This exercise calls for all the entries that follow to be set down exactly, without their images.

• **Image-text web data**
· · · · · · ·

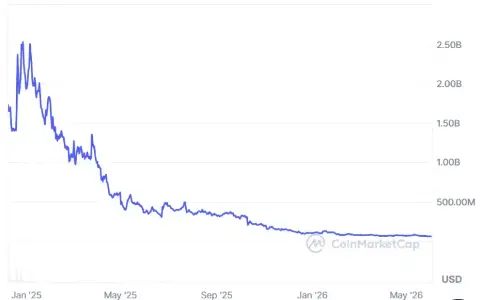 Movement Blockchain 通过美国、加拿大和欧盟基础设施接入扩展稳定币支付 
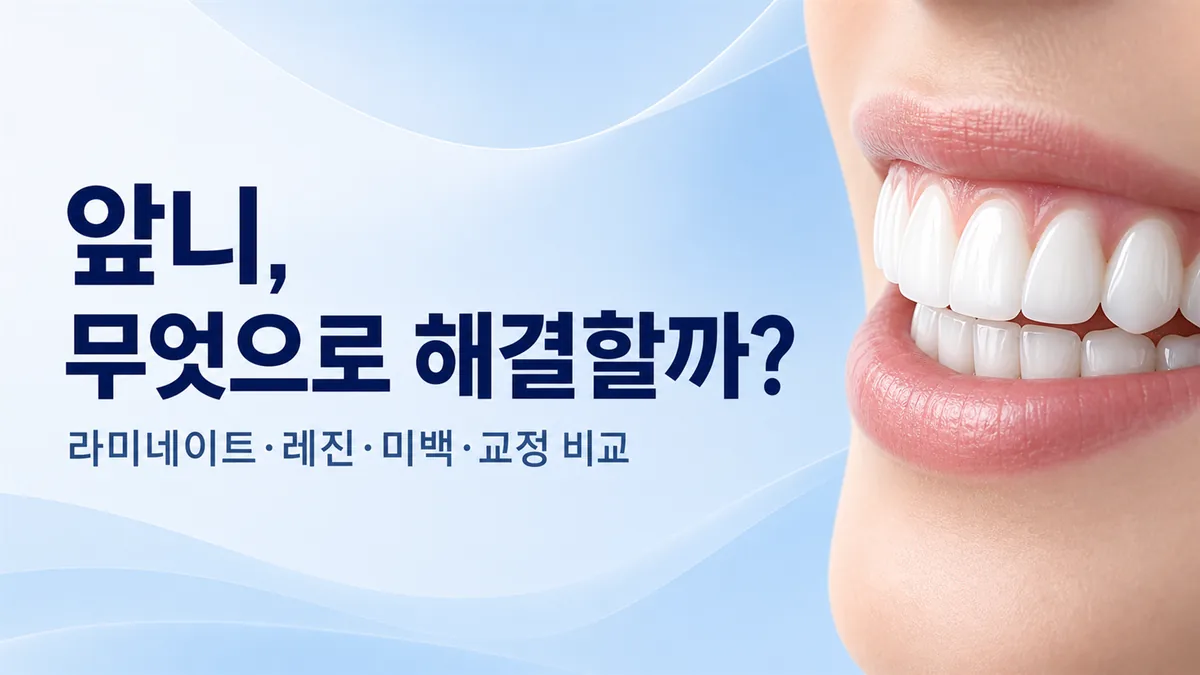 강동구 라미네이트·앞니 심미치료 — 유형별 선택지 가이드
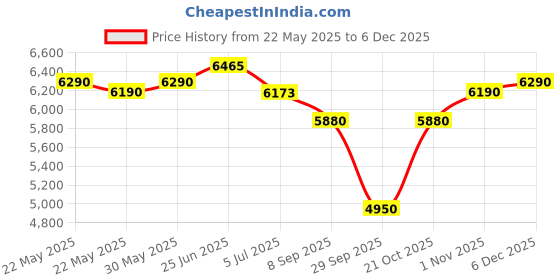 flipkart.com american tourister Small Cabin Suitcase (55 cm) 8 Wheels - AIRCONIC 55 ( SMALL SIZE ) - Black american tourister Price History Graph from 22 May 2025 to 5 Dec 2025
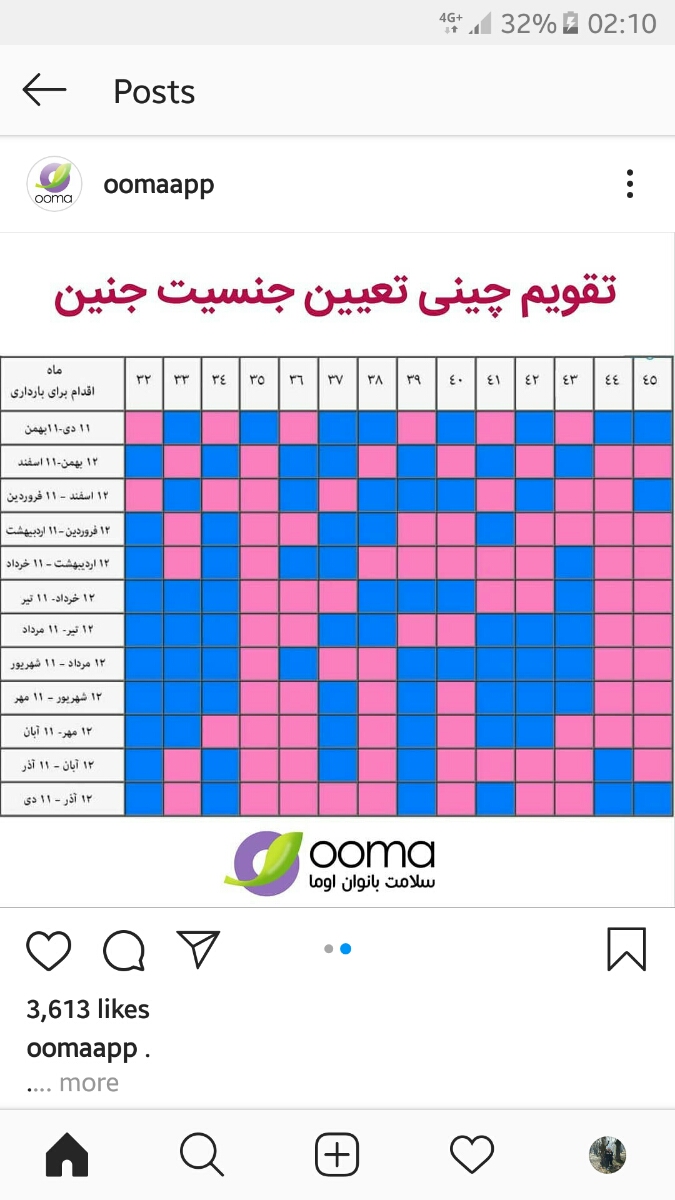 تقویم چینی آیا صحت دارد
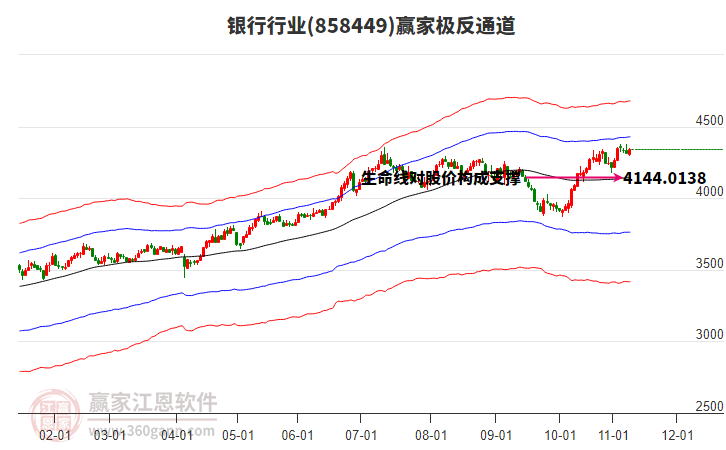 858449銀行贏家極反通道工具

· · · · · · ·

• **Response**
 Movement Blockchain 通过美国、加拿大和欧盟基础设施接入扩展稳定币支付 
 강동구 라미네이트·앞니 심미치료 — 유형별 선택지 가이드
 flipkart.com american tourister Small Cabin Suitcase (55 cm) 8 Wheels - AIRCONIC 55 ( SMALL SIZE ) - Black american tourister Price History Graph from 22 May 2025 to 5 Dec 2025
 تقویم چینی آیا صحت دارد
 858449銀行贏家極反通道工具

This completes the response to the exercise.